The context is clear...it's about teaching false doctrines for monetary gain.

This person falls into a state of 'all evil' with no mixture of anything good in his life. He is drowned in destruction and perdition by many foolish and hurtful lusts. He is pierced through with many sorrows. There is no consciousness of anything good in this persons life and all he feels and experiences is a state of evil. The immediate context of 1 Timothy 6 is that of a Christian's attitude toward money, and in this context the root of all evil is the love of money. It is not speaking about the origin of sins in general.

Compare the following verses to see that the phrase 'all evil' does not refer to every imaginable form of evil or sin, but rather to a state of being which consists of unmixed evil.

In Joshua 23:15 Joshua tells the children of Israel: "Therefore it shall come to pass, that as all good things are come upon you, which the LORD your God promised you; so shall the LORD bring upon you ALL EVIL THINGS, until he have destroyed you from off this good land which the LORD your God hath given you."

Likewise in Proverbs 5:14 "I was almost in ALL EVIL in the midst of the congregation and assembly." And in Genesis 48:16 Jacob testifies: "The Angel which redeemed me from ALL EVIL, bless the lads; and let my name be named on them."

In James 3:16 we are told: "For where envying and strife is, there is confusion and every evil work." Are we to conclude from this verse that where there is envy and strife, there also exist the fall of man, rape, incest, greed and murder? No, rather the presence of these two sins contaminate and affect everything else going on around them, and result in a state of evil.
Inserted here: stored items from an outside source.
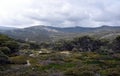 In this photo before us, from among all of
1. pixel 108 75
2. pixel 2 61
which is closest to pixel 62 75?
pixel 108 75

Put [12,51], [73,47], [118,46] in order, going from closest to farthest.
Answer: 1. [12,51]
2. [118,46]
3. [73,47]

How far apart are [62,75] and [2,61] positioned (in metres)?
18.3

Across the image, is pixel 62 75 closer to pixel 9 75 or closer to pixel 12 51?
pixel 9 75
The experience of most Christians is living in a state of blessings of good along with the presence of evil or difficulties in our lives. But the Christian who pursues the love of money will soon find himself in a state of only evil, sorrows and hurtful lusts and will lose the sense of God's presence and approval in his life. He has erred from the faith. I understand this to be the true sense of the passage as is found in the King James Bible, and many others as well.
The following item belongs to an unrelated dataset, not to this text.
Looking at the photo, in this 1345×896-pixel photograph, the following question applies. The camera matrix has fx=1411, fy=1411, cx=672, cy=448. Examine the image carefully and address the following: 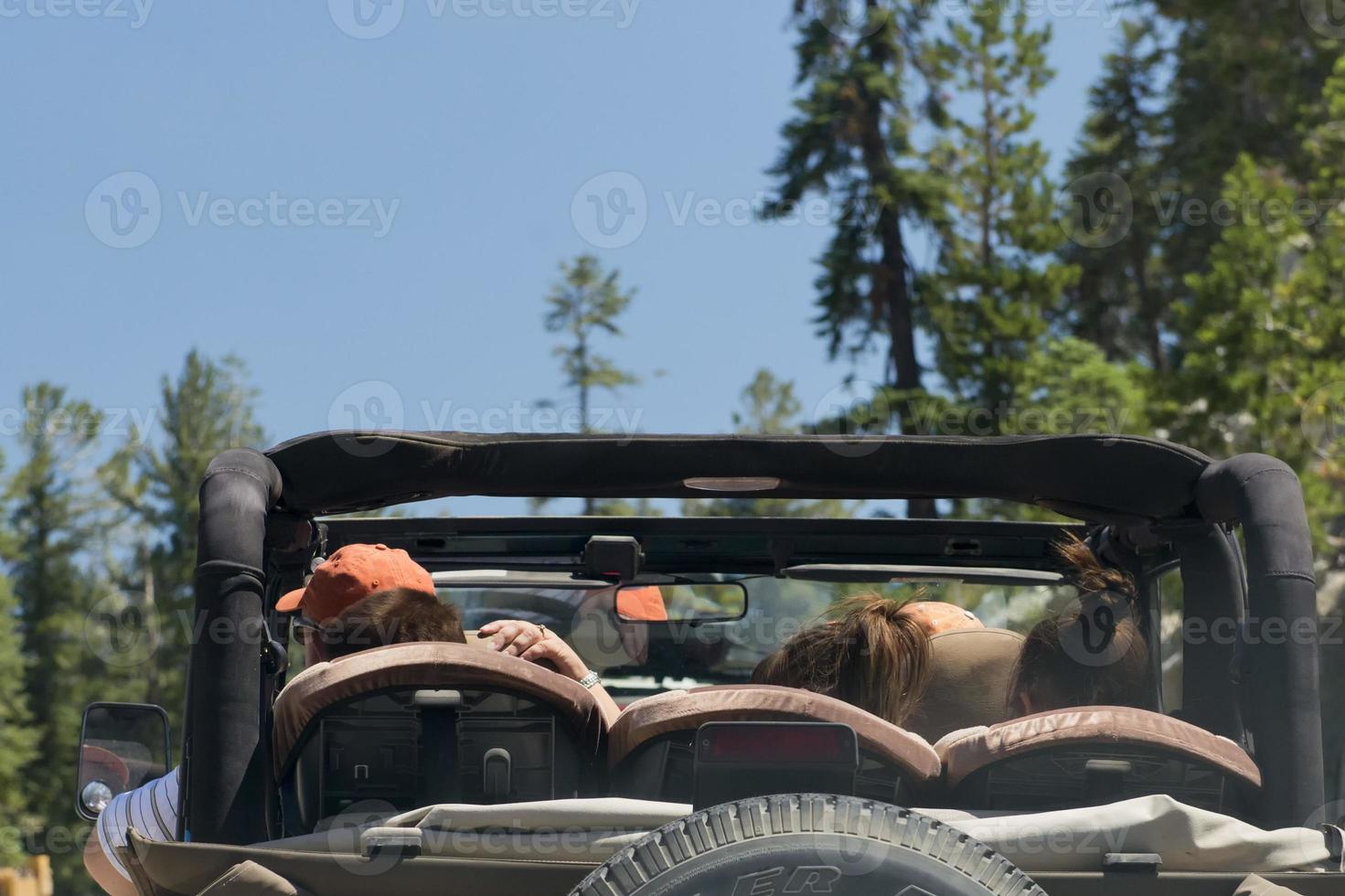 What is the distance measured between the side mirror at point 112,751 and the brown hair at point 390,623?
528 millimetres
Apparently even back in the days of John Calvin some were criticizing the reading of "the root of all evil". John Calvin translated it as it stands in the King James Bible and then makes these comments: "For the root of all evils is avarice" There is no necessity for being too scrupulous in comparing other vices with this. It is certain that ambition and pride often produce worse fruits than covetousness does; and yet ambition does not proceed from covetousness. The same thing may be said of the sins forbidden by the seventh commandment. But Paul’s intention was not to include under covetousness every kind of vices that can be named. What then? He simply meant, that innumerable evils arise from it; just as we are in the habit of saying, when we speak of discord, or gluttony, or drunkenness, or any other vice of that kind, that there is no evil which it does not produce. And, indeed, we may most truly affirm, as to the base desire of gain, that there is no kind of evils that is not copiously produced by it every day; such as innumerable frauds, falsehoods, perjury, cheating, robbery, cruelty, corruption in judicature, quarrels, hatred, poisonings, murders; and, in short, almost every sort of crime. Statements of this nature occur everywhere in heathen writers; and, therefore, it is improper that those persons who would applaud Horace or Ovid, when speaking in that manner, should complain of Paul as having used extravagant language."

The King James Bible is always right.